*** INFORMATION
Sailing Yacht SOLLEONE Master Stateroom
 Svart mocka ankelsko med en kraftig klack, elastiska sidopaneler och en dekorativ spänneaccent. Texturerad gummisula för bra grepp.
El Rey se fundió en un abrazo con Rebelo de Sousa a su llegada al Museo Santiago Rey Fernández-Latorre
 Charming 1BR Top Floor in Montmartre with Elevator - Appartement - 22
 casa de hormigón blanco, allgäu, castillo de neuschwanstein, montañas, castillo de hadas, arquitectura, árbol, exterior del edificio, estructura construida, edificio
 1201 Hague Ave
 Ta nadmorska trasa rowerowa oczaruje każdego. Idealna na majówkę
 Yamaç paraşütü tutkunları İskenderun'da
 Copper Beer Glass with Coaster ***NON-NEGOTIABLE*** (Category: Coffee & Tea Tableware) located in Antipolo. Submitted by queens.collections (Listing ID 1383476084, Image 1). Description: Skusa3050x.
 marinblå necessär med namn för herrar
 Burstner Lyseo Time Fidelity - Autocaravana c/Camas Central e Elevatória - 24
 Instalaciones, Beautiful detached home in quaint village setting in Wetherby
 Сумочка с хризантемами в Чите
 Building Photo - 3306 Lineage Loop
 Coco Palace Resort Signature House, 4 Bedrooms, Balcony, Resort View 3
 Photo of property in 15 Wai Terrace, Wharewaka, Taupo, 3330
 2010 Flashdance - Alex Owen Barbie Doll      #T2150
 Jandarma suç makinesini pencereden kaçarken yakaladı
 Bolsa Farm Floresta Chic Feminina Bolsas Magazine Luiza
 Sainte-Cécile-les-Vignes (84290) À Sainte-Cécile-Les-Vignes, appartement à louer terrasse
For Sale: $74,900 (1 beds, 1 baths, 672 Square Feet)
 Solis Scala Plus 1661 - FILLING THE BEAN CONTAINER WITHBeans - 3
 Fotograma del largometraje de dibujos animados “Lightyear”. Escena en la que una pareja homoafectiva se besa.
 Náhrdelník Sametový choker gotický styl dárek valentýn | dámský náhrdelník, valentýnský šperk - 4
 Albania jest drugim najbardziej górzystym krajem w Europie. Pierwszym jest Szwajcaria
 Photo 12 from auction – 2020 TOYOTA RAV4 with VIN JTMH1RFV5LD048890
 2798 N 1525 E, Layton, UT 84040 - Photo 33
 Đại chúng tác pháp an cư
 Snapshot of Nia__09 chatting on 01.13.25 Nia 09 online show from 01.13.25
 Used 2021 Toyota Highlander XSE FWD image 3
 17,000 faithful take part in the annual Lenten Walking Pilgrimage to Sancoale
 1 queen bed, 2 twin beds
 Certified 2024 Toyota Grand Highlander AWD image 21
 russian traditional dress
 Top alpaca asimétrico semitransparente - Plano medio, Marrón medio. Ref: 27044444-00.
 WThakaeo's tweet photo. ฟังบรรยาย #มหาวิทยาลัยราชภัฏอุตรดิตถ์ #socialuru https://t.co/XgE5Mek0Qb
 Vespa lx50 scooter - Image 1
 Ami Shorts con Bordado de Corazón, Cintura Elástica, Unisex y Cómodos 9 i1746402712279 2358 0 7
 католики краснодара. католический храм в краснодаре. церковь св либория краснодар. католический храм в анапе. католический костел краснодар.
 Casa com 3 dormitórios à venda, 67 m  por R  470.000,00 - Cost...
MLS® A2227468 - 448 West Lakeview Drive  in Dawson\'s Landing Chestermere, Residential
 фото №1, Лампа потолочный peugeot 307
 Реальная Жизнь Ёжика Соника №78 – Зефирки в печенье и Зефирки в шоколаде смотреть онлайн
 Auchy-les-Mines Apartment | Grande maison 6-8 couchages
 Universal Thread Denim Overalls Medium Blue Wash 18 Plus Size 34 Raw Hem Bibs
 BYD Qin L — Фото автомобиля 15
******
WORK REQUEST:
For the string "Highlander", show each line of the entries above where it occurs.

EXERCISE ANSWER:
 Used 2021 Toyota Highlander XSE FWD image 3
 Certified 2024 Toyota Grand Highlander AWD image 21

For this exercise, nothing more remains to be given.